Wer genau zeichnet in den jeweiligen Bundesministerien verantwortlich für die Genehmigung?

Wie viele potentielle GIZ IS-Projekte haben BMZ und/oder AA mit welchen Begründungen abgelehnt (bitte eingereichte Projekte und die jeweiligen Begründungen der Ablehnung auflisten)?

10

Inwiefern gibt oder gab es Programme bzw. Projekte der GIZ IS, für die die GIZ in ihrem Kerngeschäft durch Bundeshaushaltsmittel seitens der Bundesregierung nie einen Auftrag bekommen hätte, weil sie nicht den entwicklungspolitischen Auftragsrichtlinien der Bundesregierung entsprachen oder entsprechen (falls es solche Projekte gab, bitte Liste dieser Projekte anhängen)?

11

Hat die GIZ IS von sich aus Aufträge, die ihr angeboten wurden, ausgeschlagen?
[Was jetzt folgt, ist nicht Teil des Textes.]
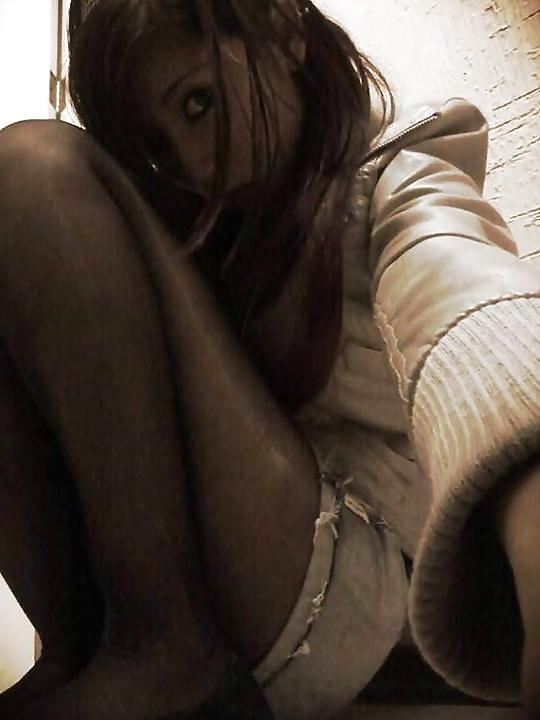 25P Teens amateur in pantyhose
Wenn ja, welche Auftragsangebote waren dies, und warum wurden diese ausgeschlagen (bitte genaue Gründe auflisten)?

12

Welche entwicklungspolitischen Ziele und intendierten Wirkungen verfolgt das an den Unternehmer Pezold in Simbabwe vergebene PPP-Projekt, und was und welche Maßnahmen werden hier genau finanziert (falls schon Evaluationsberichte vorliegen, bitte beifügen)?

13

In welchem Geschäftsfeld der GIZ (ODA-finanziertes Kerngeschäft oder GIZ IS) liegt das durch Australien in Simbabwe durchgeführte Kofinanzirungsprojekt im Wassersektor, und welche Maßnahmen werden hier genau mit welchen intendierten entwicklungspolitischen Wirkungen durchgeführt (falls schon Evaluationsberichte vorliegen, bitte beifügen)?

14

Inwiefern treffen die Medienberichte zu, dass die GIZ IS schon in den Jahren 2012 und 2013 und laut einer internen Prognose auch im Jahr 2014 im dritten Jahr in Folge Verluste machen wird (vgl. u. a. DER SPIEGEL, 14/ 2014, S. 49)?

15

Wurden die Geschäfte der GIZ IS in den letzten fünf Jahren (2009 bis 2014) internen oder externen Prüfungen oder Audits unterzogen?

Wenn ja, von wem (bitte Prüfberichte und -ergebnisse anhängen)? Wenn nein, warum nicht?

16

Liegen bereits Ergebnisse des bei der BostonConsultingGroup extern in Auftrag gegebenen Gutachtens (vgl. DER SPIEGEL, 14/2014, S. 49) vor?

Wenn ja, welche (bitte anhängen), und welche Konsequenzen zieht die GIZ daraus?

Wenn nein, wann werden diese erwartet (bitte nachliefern)?

17

Wie fängt die GIZ IS entstandene Verluste auf?

Wie werden diese verbucht?

18

Was macht die GIZ IS mit etwaigen Gewinnen aus ihren Drittmittelgeschäften?

19

Wurden in der Vergangenheit die Rücklagen der GIZ zum Ausgleich der Verluste des Geschäftsbereichs GIZ IS genutzt, bzw. ist vorgesehen, dass die GIZ-Rücklagen auch für die GIZ IS im Zweifel zur Verfügung stehen?

20

Übernehmen in letzter Instanz die Bundesregierung, der Bundeshaushalt und damit der Steuerzahler die Verluste der GIZ IS?

Wenn ja, wie ist dies zu rechtfertigen?

Wenn nein, wer übernimmt die Verluste dann?

Ist ein solcher Fall schon eingetreten, bzw. ist die Übernahme der Verluste durch Bundeshaushaltsmittel grundsätzlich vorgesehen oder ausgeschlossen?

21

Unterliegen die Gehälter der Mitarbeiterinnen und Mitarbeiter der GIZ IS der Besteuerung in Deutschland und/oder im Einsatzland?

Oder bleiben diese entsprechend der Steuerpraxis der GIZ bis Ende 2013 unbesteuert?